I-Team 8

Indiana interstate shootings happen 5 times more in 2021 than in past 2 years

INDIANAPOLIS (WISH) — So far in 2021, the state has recorded 53 interstate shootings, according to Indiana State Police.

It’s a huge increase compared to just nine interstate shootings in 2018 and 2019.

“It’s a concerning number,” said state police Sgt. John Perrine. “I think we’re seeing an increase in aggressive driving. I don’t know why. I don’t think we can pinpoint one reason for it.”

Just last week, a 16-year-old was on her way to a haunted house when someone shot at her car while on I-465. According to a stay done by AAA in 2019, nearly 80% of drivers expressed “significant anger, aggression or road rage behind the wheel at least once in the previous 30 days.”

Perrine said, “We’ve all made mistakes. When people start intentionally, criminally driving (and) criminally doing things to try to scare, impede or even contact the other party it’s very dangerous.”

The state police sergeant says some of the 53 interstate shootings so far this year were not related to road rage but were instead targeted shootings. Still, he says, the majority of the interstate shootings were a result of people getting angry while driving. A study done by Everytown For Gun Safety says, so far in 2021, that “a person shot and either injured or killed in a road rage incident every 18 hours on average” nationwide.

Perrine says investigations of interstate shootings can be difficult because crime scenes are “mobile.” He says they rely heavily on witnesses.

“Maybe (witnesses) don’t feel like they can help the case, and I would say they absolutely can help our case with any information that they have, even if they only know the color of the car or what lane the car was in or anything like that is valuable to our investigation.” 

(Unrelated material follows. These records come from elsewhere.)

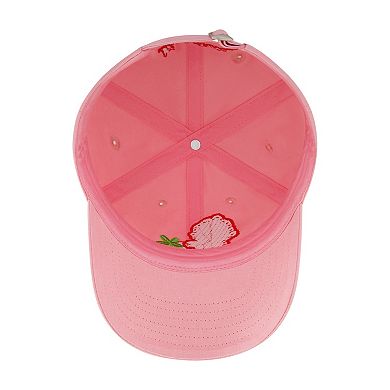 Women's Strawberry Shortcake Life Is Sweet Dad Hat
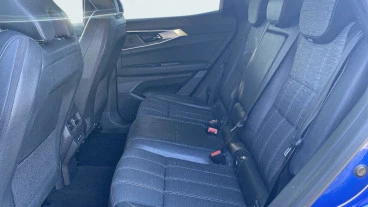 Renault Austral Techno E-Tech Full Hybrid 147kW (200CV)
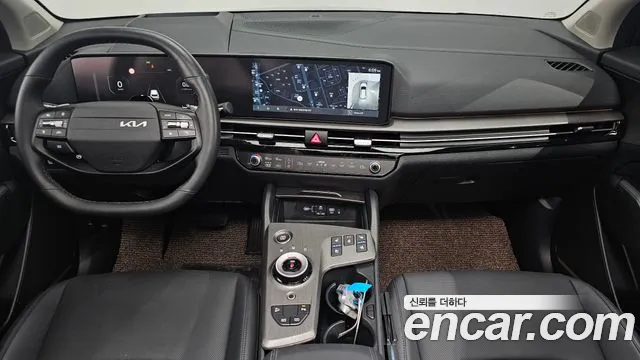 Kia Sportage — Фото автомобиля 6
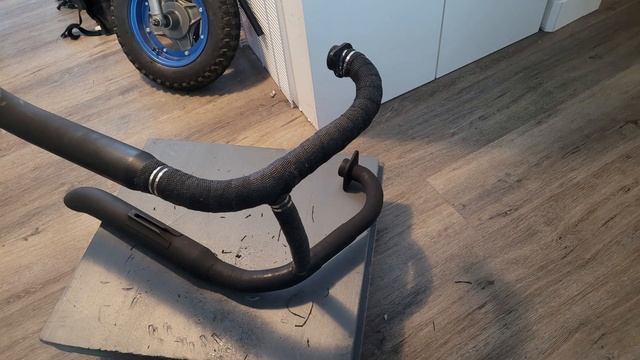 Moto Guzzi V7 850 custom exhaust смотреть онлайн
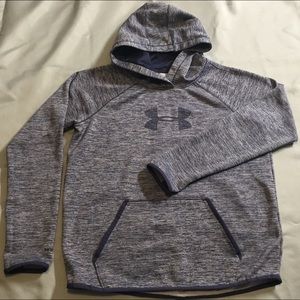 Women’s UA hoodie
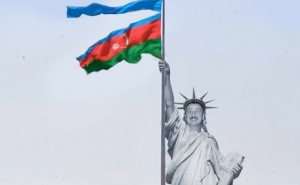 Azerbaijan Again Busy with Its Favorite Job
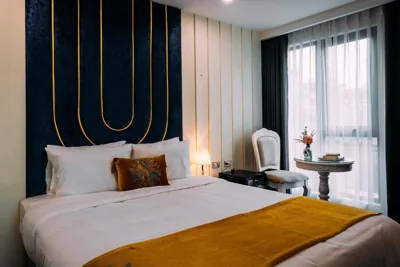 Royal Lotus Hotel – Photos 2
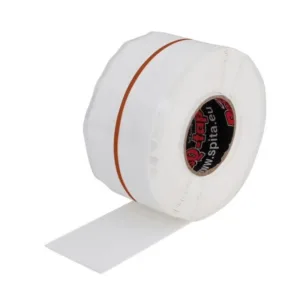 Itsevulkanoituva korjausteippi ResQ-tape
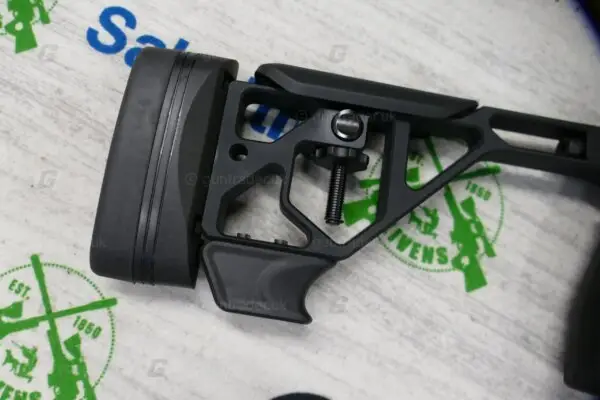 Tikka .22 LR T1x Ace Target - Image 2
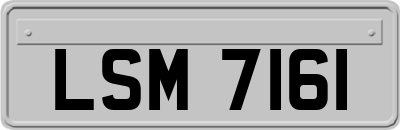 LSM7161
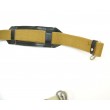 Ремень пулеметный погонный для РПД/РПК/АК, с плечевой накладкой, раритет - фото № 3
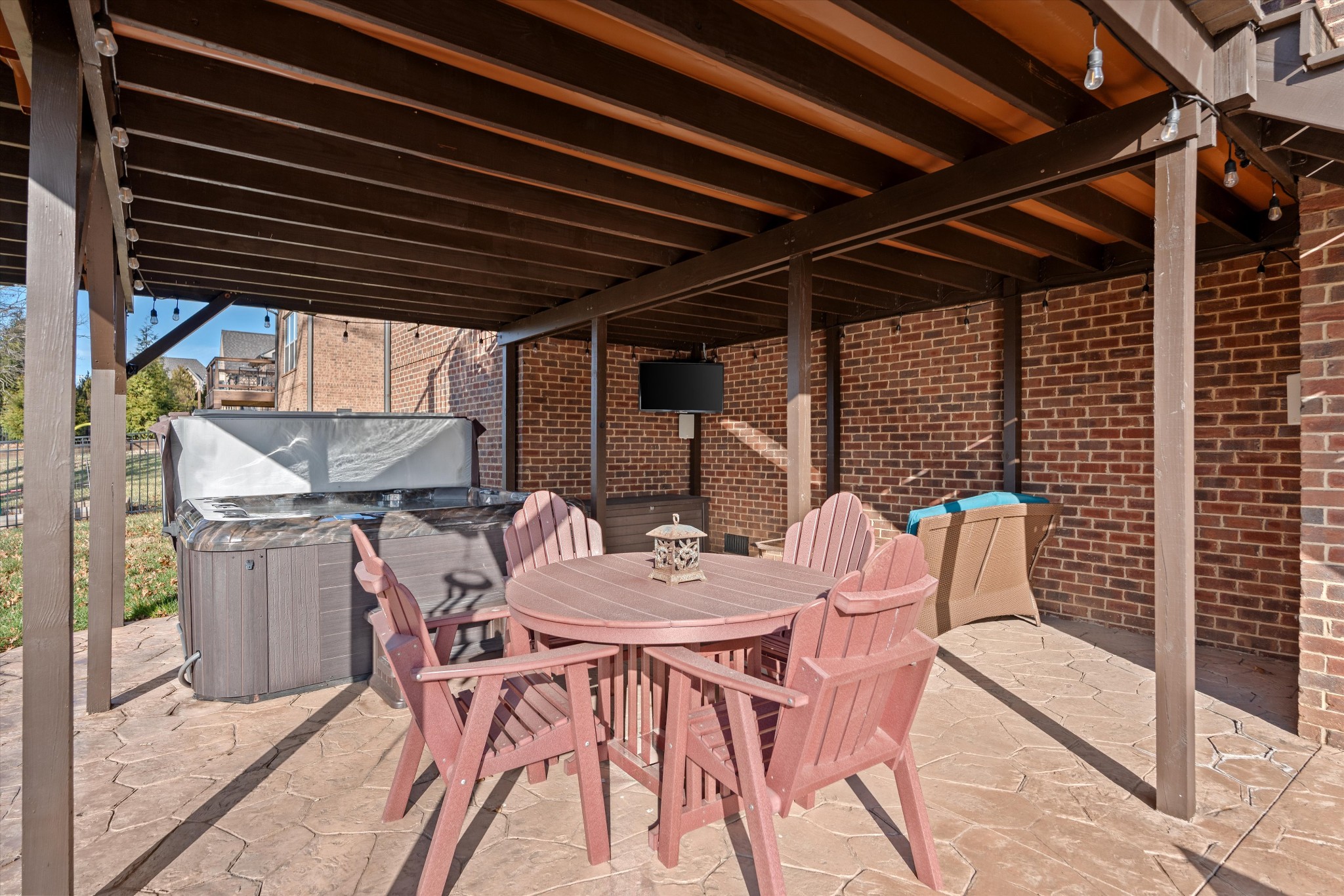 3202 Appian Way Spring Hill, TN 37174 - Photo 36 of 46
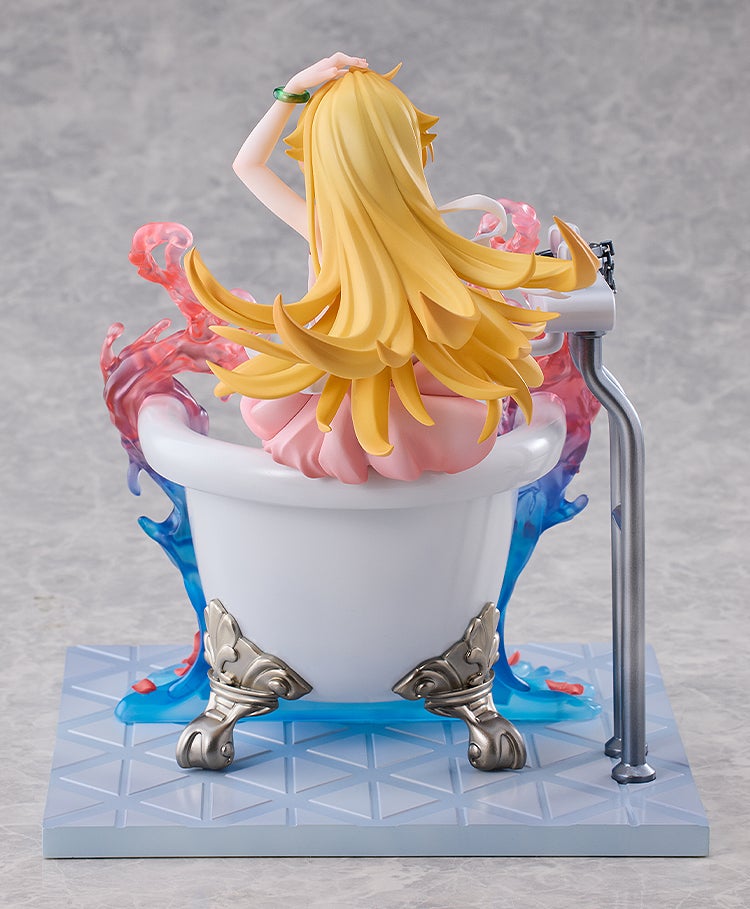figsoku's tweet photo. 【物語シリーズ】Solarain「忍野忍」フィギュア

【本日発売！】
価格26,400円（税込）
https://t.co/AeCjwUzyVX
#Solarain #化物語 #物語シリーズ https://t.co/OOGxKDbxfU
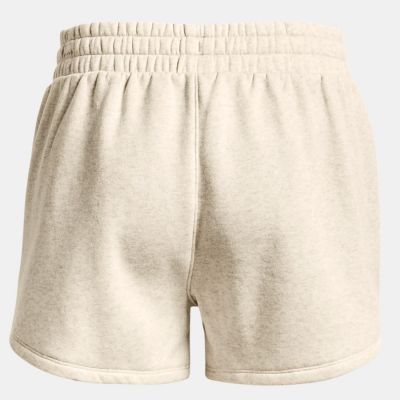 2. Under Armour Rival Fleece Shorts W 1369858 783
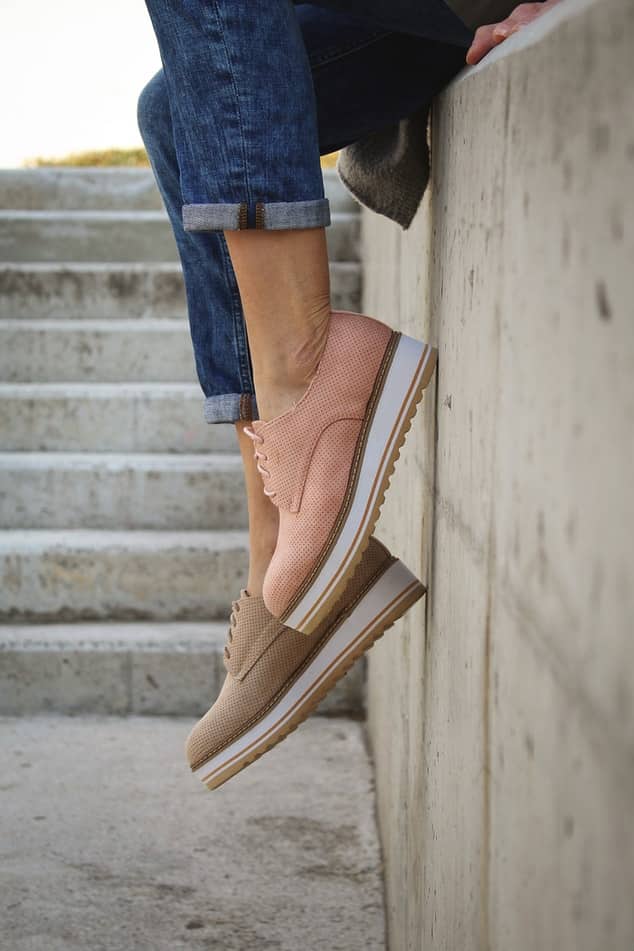 Sneakers til stilbevidste kvinder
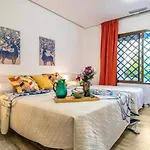 Elviria Luxury Tatil Evi Marbella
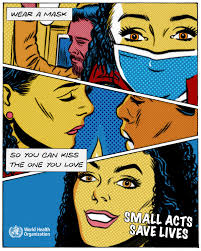 World Health Organization (WHO)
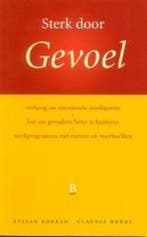 STERK DOOR GEVOEL 9789024604326 S. Konrad, Verzenden, Gelezen, S. Konrad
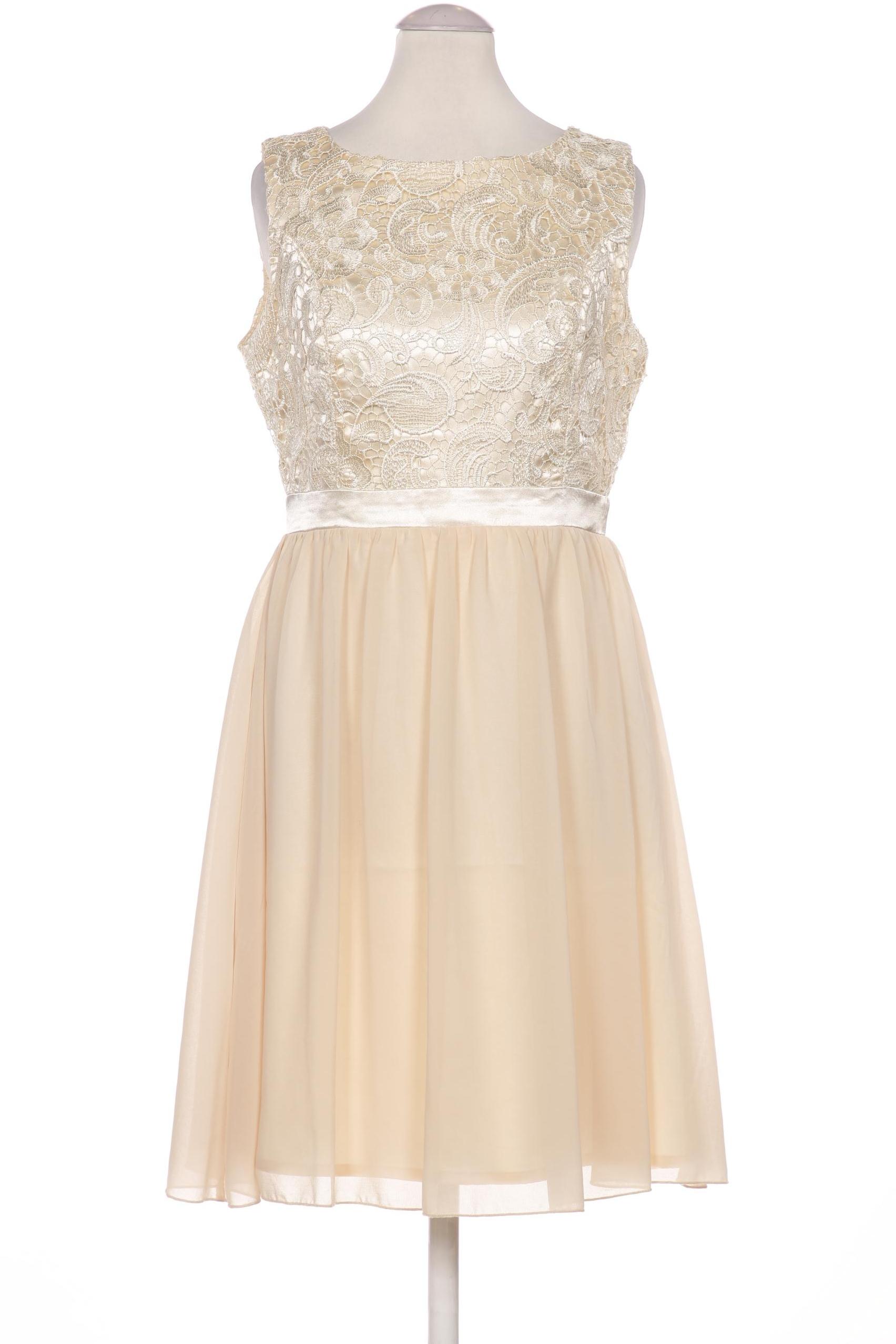 

Jake s Damen Kleid, cremeweiß, Gr. 36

State police have these tips for anyone who sees or is involved in a road rage incident:

  • Remain calm, agitation or counter aggressive maneuvers can escalate the situation.
  • Drive away from the aggressor by using a turn signal to change lanes, allowing the aggressor to pass, exit the highway, stop in a well-lit populated area.
  • If stopped in traffic or in an area where you must stop due to a stop sign or stop light ensure all of your car doors are locked and leave yourself a path of escape.
  • Immediately report the incident to police by calling 911 (Indiana Hands Free Law allows you to use a cell phone while driving to report an emergency to 911).